WORK TO COMPLETE: Please output only the lines that begin at the line with "Chris de Burgh" and run through the end of the entries below, exactly as written. Drop all pictures.

=== Section Start ===

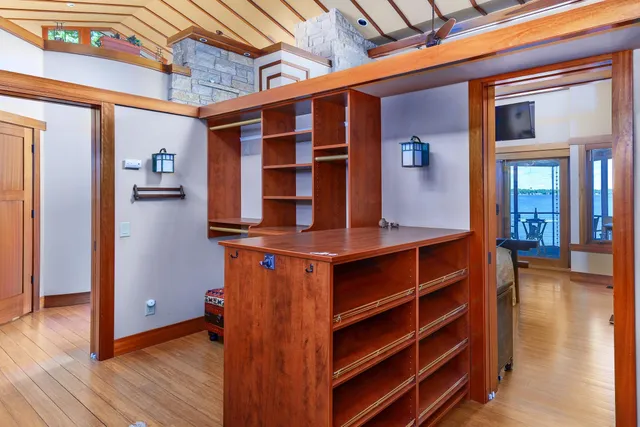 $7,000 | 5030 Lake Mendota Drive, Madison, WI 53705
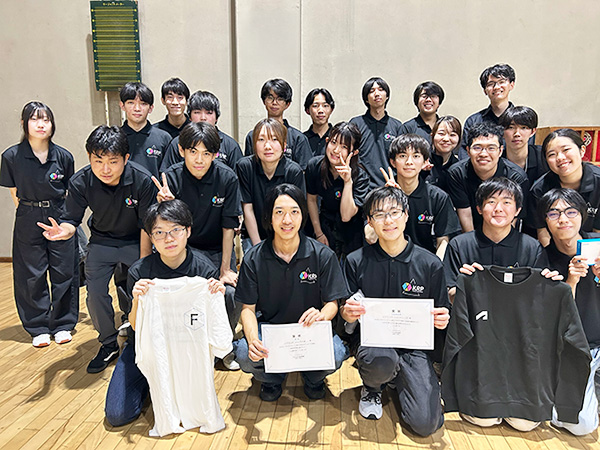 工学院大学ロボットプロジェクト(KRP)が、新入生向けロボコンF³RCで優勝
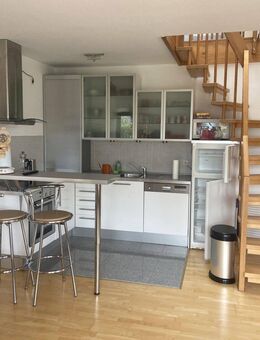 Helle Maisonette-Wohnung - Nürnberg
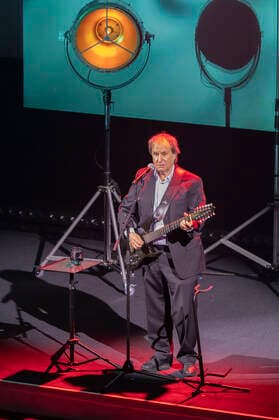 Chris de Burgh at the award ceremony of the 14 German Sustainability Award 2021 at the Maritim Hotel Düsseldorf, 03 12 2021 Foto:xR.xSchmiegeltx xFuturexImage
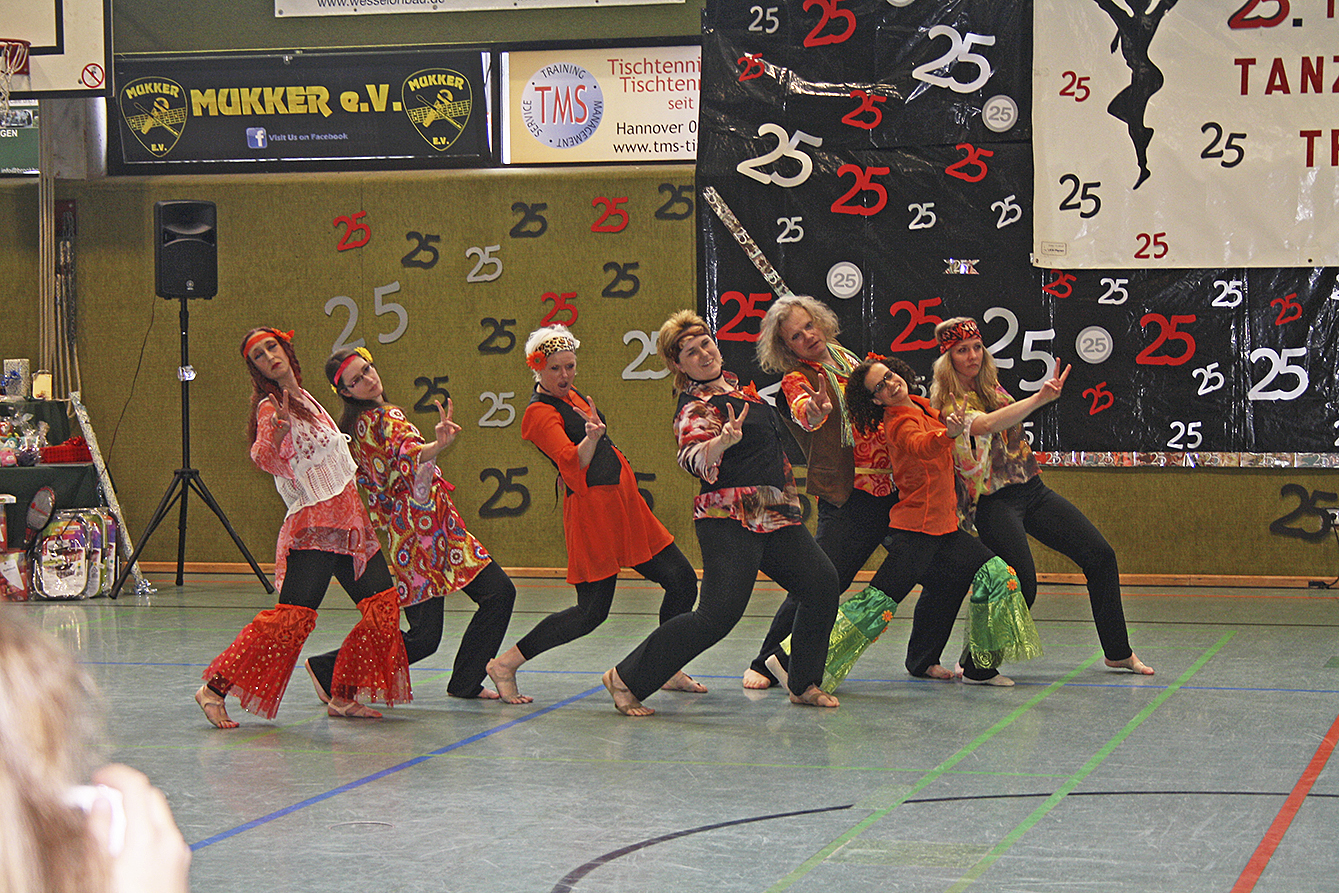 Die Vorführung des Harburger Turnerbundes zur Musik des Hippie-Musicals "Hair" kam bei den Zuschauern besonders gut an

=== Section End ===

EXERCISE RESULT:
 Chris de Burgh at the award ceremony of the 14 German Sustainability Award 2021 at the Maritim Hotel Düsseldorf, 03 12 2021 Foto:xR.xSchmiegeltx xFuturexImage
 Die Vorführung des Harburger Turnerbundes zur Musik des Hippie-Musicals "Hair" kam bei den Zuschauern besonders gut an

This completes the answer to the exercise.